Closed mobinasri closed 4 years ago

mobinasri commented 4 years ago

The first PR to make edlib support generic sequences. The main changes:

  1. Replacing most of the functions and classes by their templates with two type arguments, Element and AlphabetIdx. (Element is the type of elements in the given sequences, AlpahbetIdx is the type of indexes for the alphabet )
  2. Commenting and disabling the parts related to additional equalities temporarily. (to be added later)
  3. Putting the code in the namespace of "edlib". The implementation details of edlib.tpp are put in the nested namespace of "internal" to make them hidden from the user program.
  4. Adapting the character-based tests to the above changes
Martinsos commented 4 years ago

@masri2019 , I see you responded to many comments but have not pushed any new commits -> you do plan to push the fixes for the comments on this PR right, in form of additional commits?

Martinsos commented 4 years ago

@masri2019 I see you added a lot of commits, great -> let me know when you added everything and I will take another look.

mobinasri commented 4 years ago

@Martinsos I think I added everything that you said and we discussed.

mobinasri commented 4 years ago

@Martinsos I did your comments. I also wanted to tell you about some of the suggestions that Paolo gave me while he was experimenting. Please tell me your opinion.

  1. Using classes instead of structs and class enums instead of enums; He said that using structs forces the user to do initialization and termination functions instead of relying on constructor and deconstructors. If the user forgets this, you can get undefined behavior (e.g. EdlibAlignConfig may have an uninitialized pointer)
  2. Error messages from the linker about duplicate definitions of some Edlib functions; He said that after including edlib.hpp in two different places he got such errors because of the functions which are not template. (e.g edlibNewAlignConfig(), edlibAlignmentToCigar()). They must have inline specifier to fix this error.
mobinasri commented 4 years ago

@Martinsos Nice Comments about making edlib more CPPish. I just wanted to let you know those feedbacks from Paolo. I think you are right, let's focus on generic features for now.

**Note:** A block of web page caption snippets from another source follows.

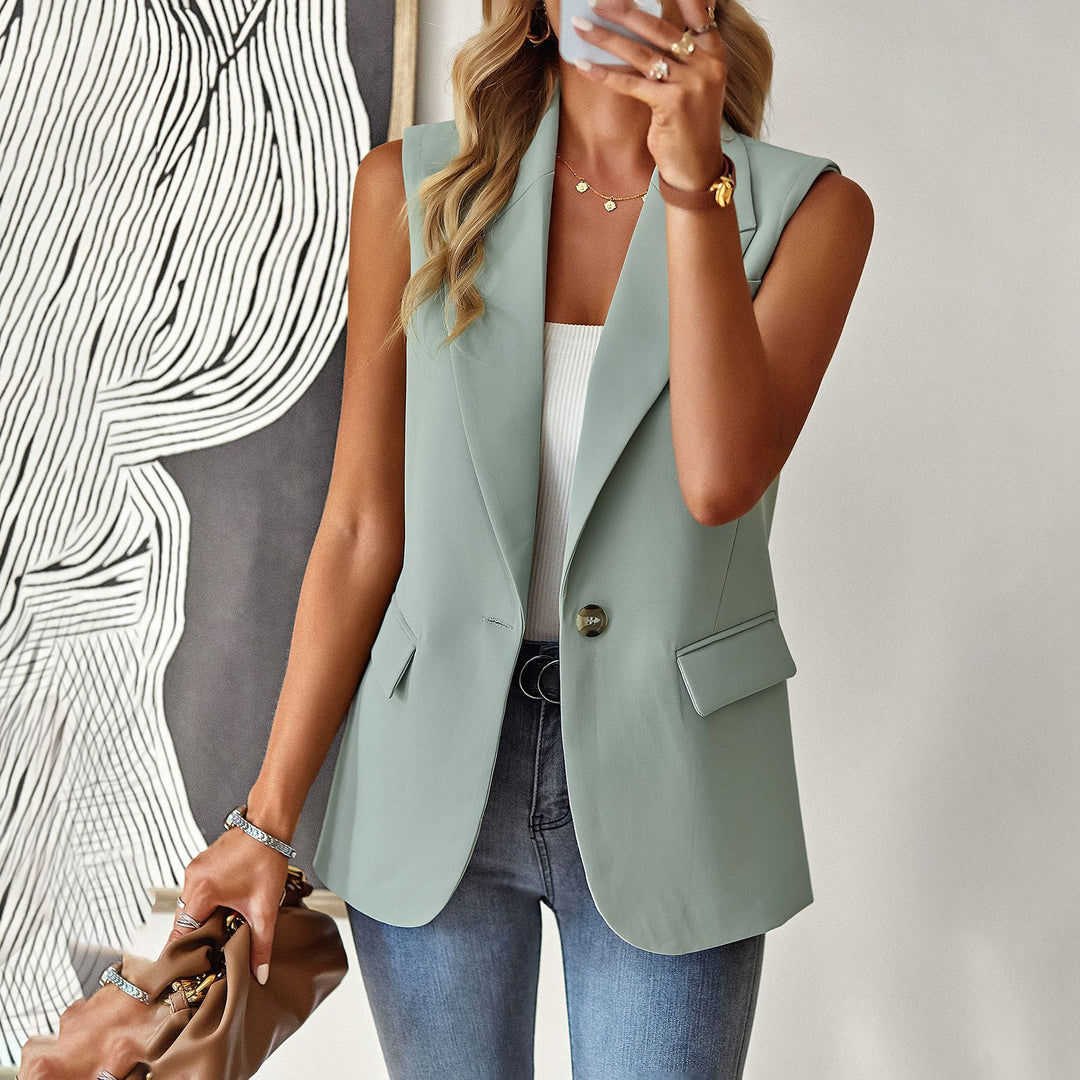 Damen ärmelloses Blazer-Oberteil mit taillierter Silhouette Drune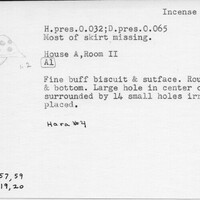 Index card with typed and handwritten information, sometimes including a sketch, of pottery from an excavation.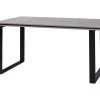 Table Pour Salle à Manger MALAGA 160 Cm - Plateau Effet Chêne Wellington Et Pieds En Métal Noir. -Magasin de meubles de restaurant table a manger 9539657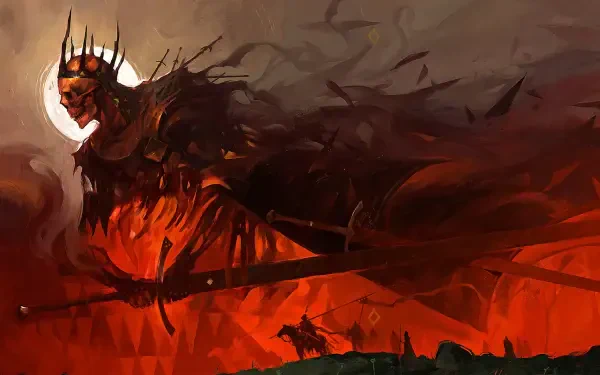 4K Ultra HD PC desktop wallpaper for the video game Tainted Grail: The Fall of Avalon — a towering crowned shadow-knight wreathed in flame, brandishing a massive sword over a ravaged red landscape.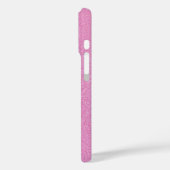 Gepersonaliseerd roze glitter monogram Case-Mate iPhone case (Achterkant / Links)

mobinasri commented 4 years ago

@Martinsos Based on what you said about testing "multiple definitions", I made a new directory named testMultiDefinition in which there exist two source files. Both of them include edlib. One of them (staticTestLib.cpp) is going to be a static library that has to be linked to the other file (useStaticTestLib.cpp). Since both of them include edlib, if there exist multiple definitions of any function in edlib it will be announced by the linker. So, if we get errors during compilation it has to be something wrong with it.

Martinsos commented 4 years ago

@masri2019 Great! So, I again left one or two comments, but I approved the PR! So once you do those (they are tiny), please squash all the commits into one big commit (with git rebase -i Martinsos:gen-seqs or smth like that), and then I will merge it.

Martinsos commented 4 years ago

@masri2019 great, please just squahs it all as I describe above and I will merge!

Martinsos commented 4 years ago

@masri2019 all is great except commit does not have a meaningful message! Put a meaningful message, and also make description shorter and more meaningful (or just remove it if you don't think it is needed). Suggestion for commit message: "Rewrote edlib library to accept generic sequences, changes are not fully propagated through codebase.". Description could be: "C interface is gone for now. Some dependent code is not compiling / working (python binding, some tests, aligner, ...). Documentation is not updated."

mobinasri commented 4 years ago

@Martinsos When shall we start the next PR? As you said earlier, we can work on tests, aligner or even finding an efficient implementation for dealing with additional equalities. Please tell me if you have any comments on the next PR.

Martinsos commented 4 years ago

@masri2019 sorry I was waiting for you to squash this one and did not notice you already did it! Yes of course let's do the next PR :)!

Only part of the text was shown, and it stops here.